葬儀の前後にはやらなければならない手続きがたくさんあります。できるだけ効率的に対処するために、手続きの方法や、届出先、期限、必要な書類などをあらかじめ知っておく必要があります。ここでは、銀行預金や生命保険、不動産、株式、社会保険や公的年金など金銭に関わる手続きについて説明します。
◎ 銀行預金/郵便貯金の解約と相続
 死亡者名義の銀行預金については、相続預金払戻依頼書に記入して手続きを行います。その時に戸籍謄本、相続人全員の印鑑証明書、相続の証明書類、通帳、相続人代表者の実印などが必要になります。 郵便預金・保険の解約の時は、相続人であることを証明する書類、また、相続人全員が代表者に委任する委任状、代表者の証明書(運転免許証、健康保険証など)が必要です。
◎ 死亡保険金の手続きと相続
 生命保険の被保険者が亡くなると、保険金受取人に死亡保険金が支払われます。故人が契約していた保険をよく調べることも大切です。受け取りの手続きは、契約している保険会社へ連絡すると、必要書類の案内が届くので、それにしたがって手続きをします。必要な書類は、保険金請求書、保険証券、最終支払分の保険料領収書、死亡診断書(または死体検案書)、被保険者の住民票、保険金受取人の戸籍抄本、保険金受取人の印鑑証明などです。保険受取人が複数の場合は、全員の戸籍抄本と印鑑証明が必要です。また、手続きできる期限は3年です。
◎ 不動産の相続
 不動産(宅地・家屋など)の相続では、相続財産の名義書換えが必要となります。手続きは、相続により所有権移転(保存)登記で、手続き先は法務局(本支局、出張所)です。必要な書類は、所有権移転登記申請書、戸籍謄本(相続人)、除籍謄本(被相続人)、住民票、抄本(相続人)、固定資産評価証明書です。
◎ 株券の相続
 株券の相続については、株式の会社や証券会社で、株主名義変更という手続きを行います。必要な書類は、株主名義変更申請書、株券、共同相続人の同意書(印鑑証明書付)などです。
◎ 社会保険の手続き/遺族年金などの支給条件
 現在、20歳以上のすべての国民は国民年金、サラリーマンなどは厚生年金、公務員は共済年金に加入しています。

● 国民年金について
 国民年金の第1号被保険者(自営業者や農林水産事業者とその妻、学生)が死亡した場合には、手続きは市区役所・町村役場の窓口または社会保険事務所で行います。条件により遺族基礎年金、寡婦年金、死亡一時金のいずれかが申請により支給されます。
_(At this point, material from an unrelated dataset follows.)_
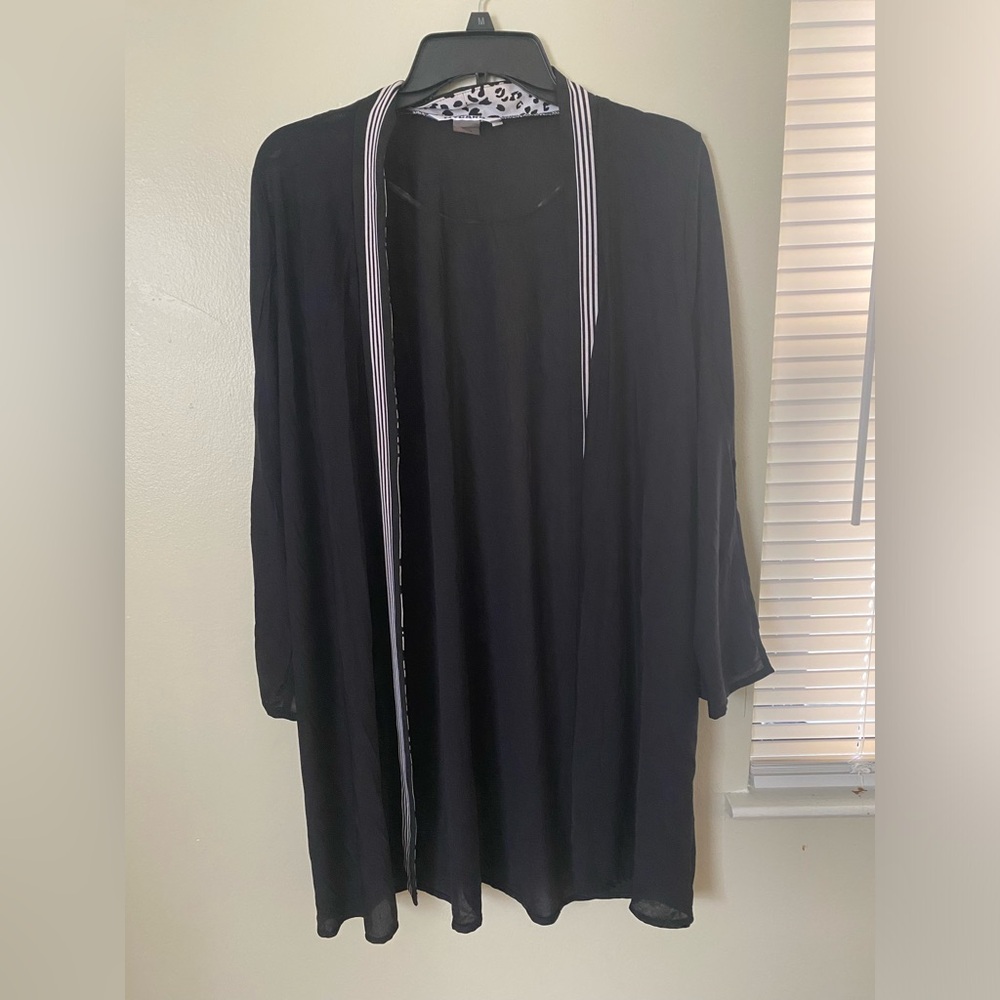 NYGARD - BLACK SWEATER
 遺族基礎年金は、故人によって生計を維持していた子ある妻、あるいは子に支給されます。子の条件は、満18歳到達年度の末日(3月31日)を経過していない、または1級もしくは2級の障害のある20歳未満の子とされています。必要な条件は、故人が国民年金の保険料を納付しなければならない期間の3分の2以上、保険料を支払っていること。特例として、死亡日が平成18年4月1日前の場合、死亡日前1年間の全期間保険料の滞納がない場合でもよいとされています。
 寡婦年金は、老齢基礎年金の資格期間を満たした夫が死亡した時、10年以上結婚していた妻に、60歳から65歳になるまでの5年間に限り、夫の年金の4分の3に相当する額が支給されるもの。
 死亡一時金は、保険料を3年以上納めた人が、老齢基礎年金も障害基礎年金も受けないで死亡し、その遺族が遺族基礎年金を受けられない場合に、死亡した人の保険料を納めた期間に応じて、一時金として支給されるものです。

※第2号被保険者(サラリーマン、OL、公務員など厚生年金や共済年金の加入者)や第3号被保険者(第2号被保険者に扶養されている妻)は、勤務先を通じて社会保険事務所に手続きをしてください。
 第2号被保険者が亡くなった場合(または被保険者期間中の傷病がもとで初診の日から5年以内に死亡した場合)は、条件により遺族厚生年金が申請により支給されます。支給されるのは、・遺族基礎年金の対象と同じ条件の妻と子・子のいない妻・55歳以上の夫、父母、祖父母(60歳から支給)・孫(満18歳到達年度の末日を経過していない者、または20歳未満で1・2級の障害者)、となります。支給条件は、国民年金と同じく保険料を納付しなければならない期間の3分の2以上厚生年金を納付していることです。
 年金を受けている人が死亡した場合は年金受給権者死亡届を提出してください。提出期限は14日以内です。死亡した人が未受給の年金がある場合は、未受給年金・保険給付請求書を提出します。
 また、年金を受けていた人によって生計を維持していた遺族がいる場合も、遺族年金(遺族基礎年金、遺族厚生年金)が支給されます。